Ethnic cleansing is wrong. The U.S. military action in response to ethnic cleansing is wrong. In Yugoslavia, United States policy has again offered massive bombings as its solution to a complex situation.. Hundreds of thousands of refugees have left their homes rather than remain in harm's way. Massive bombings do not provide a lasting peace. Constructive U.S. policy for sustainable security is needed in the region.
Republican and Democratic members of Congress are correct in their criticism of this action as a simplistic response to a complex conflict situation. WILPF admires and thanks Congresswoman Barbara Lee, the only House member who finally voted against this aggression.
The interests of U.S. arms manufacturers are intimately tied to the expansion of NATO as the policeman of the European continent and beyond. Therefore, the world's citizens are treated to advertisements for U.S. stealth bombers and other weapons displayed minute by minute on the international billboard supplied by CNN. We deplore the use of space satellites to direct bombs to their targets that is accelerating the militarization of space.
The United States is spending hundreds of billions of dollars on advanced weaponry in this bombing campaign. For example, sixteen B2 Stealth bombers at $2 billion each for a total of $32 billion are being used in combat for the first time.
This money would be better spent on economic development and humanitarian aid to help Yugoslavia ease its transition into the dialogue of commerce and trade in this new economic period. More than 200,000 people have been displaced. Escort protection and humanitarian aid are needed. Refugees Assistance is needed to help refugees return and rebuild their homes and communities. This requires the participation of all of civil society especially women who have already been engaged in meeting across borders.

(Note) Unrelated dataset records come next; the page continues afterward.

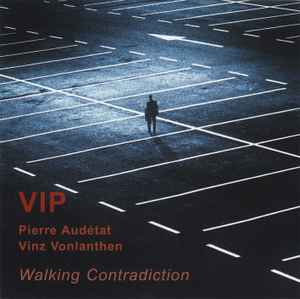VIP (21) - Walking Contradiction album cover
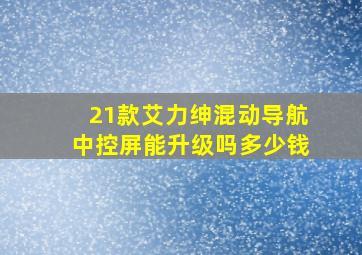 21款艾力绅混动导航中控屏能升级吗多少钱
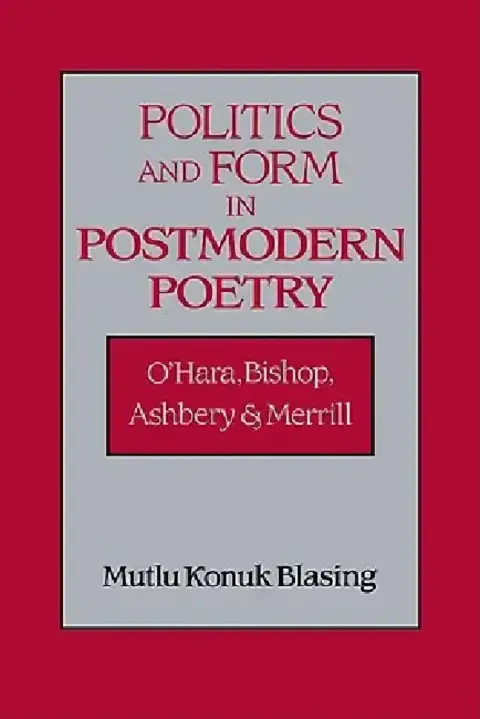 Cover of Politics and Form in Postmodern Poetry
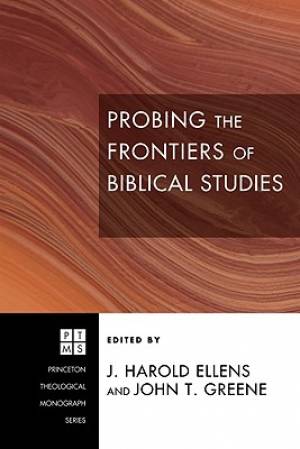 Probing the Frontiers of Biblical Studies (Other) 9781606084601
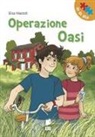Elisa Mazzoli, R. Santi - Operazione oasi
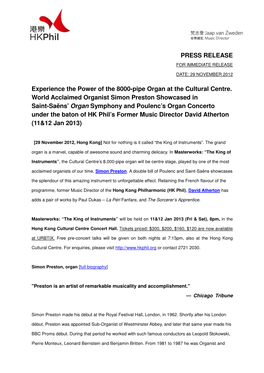 PRESS RELEASE Experience the Power of the 8000-Pipe Organ at the Cultural Centre. World Acclaimed Organist Simon Preston Showcas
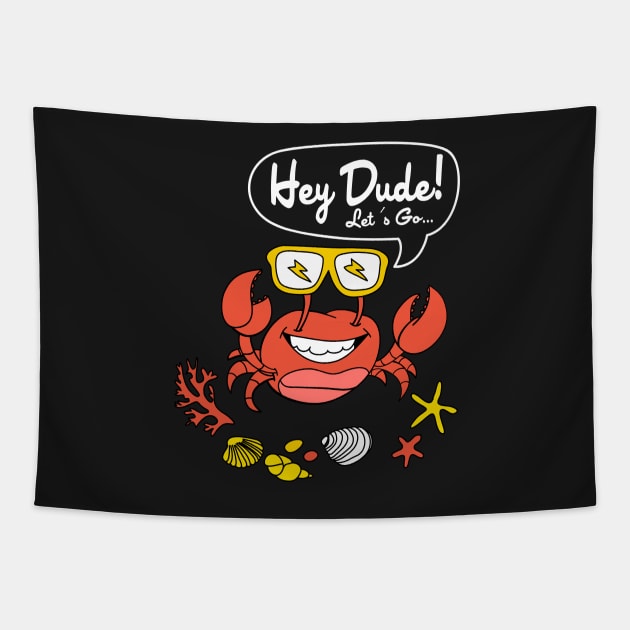Hey Crab dude Tapestry by D3monic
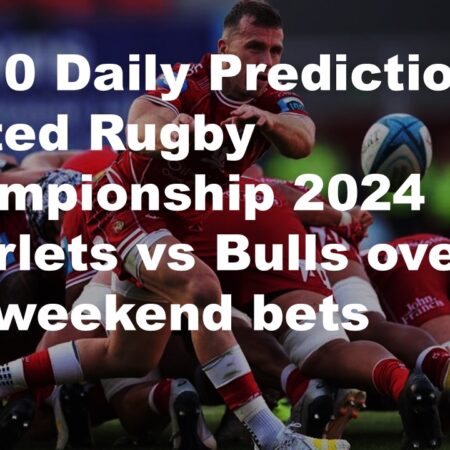 18/10 Daily Predictions United Rugby Championship 2024 Scarlets vs Bulls overview + 6 weekend bets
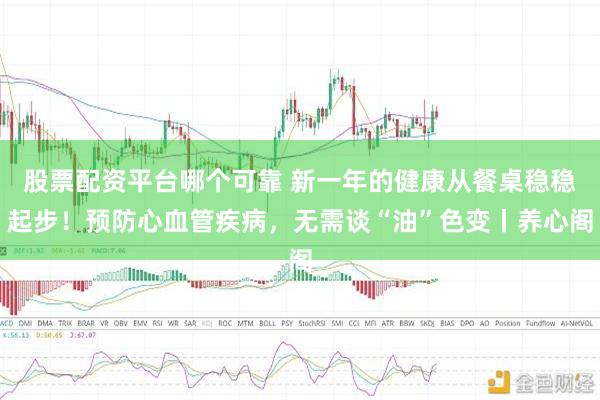 股票配资平台哪个可靠 新一年的健康从餐桌稳稳起步！预防心血管疾病，无需谈“油”色变丨养心阁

The diplomatic and humanitarian efforts of the Organization for Security and Cooperation in Europe, the European Union and United Nations agencies should be encouraged and utilized more fully in the effort to reach lasting and non-military solutions to this tragic situation.
Statement adopted at Women's International League for Peace and Freedom US Section board meeting, March 26, 1999.
The Women's International League for Peace and Freedom was formed during World War I and is the largest women's peace organization in the world with sections in 42 countries.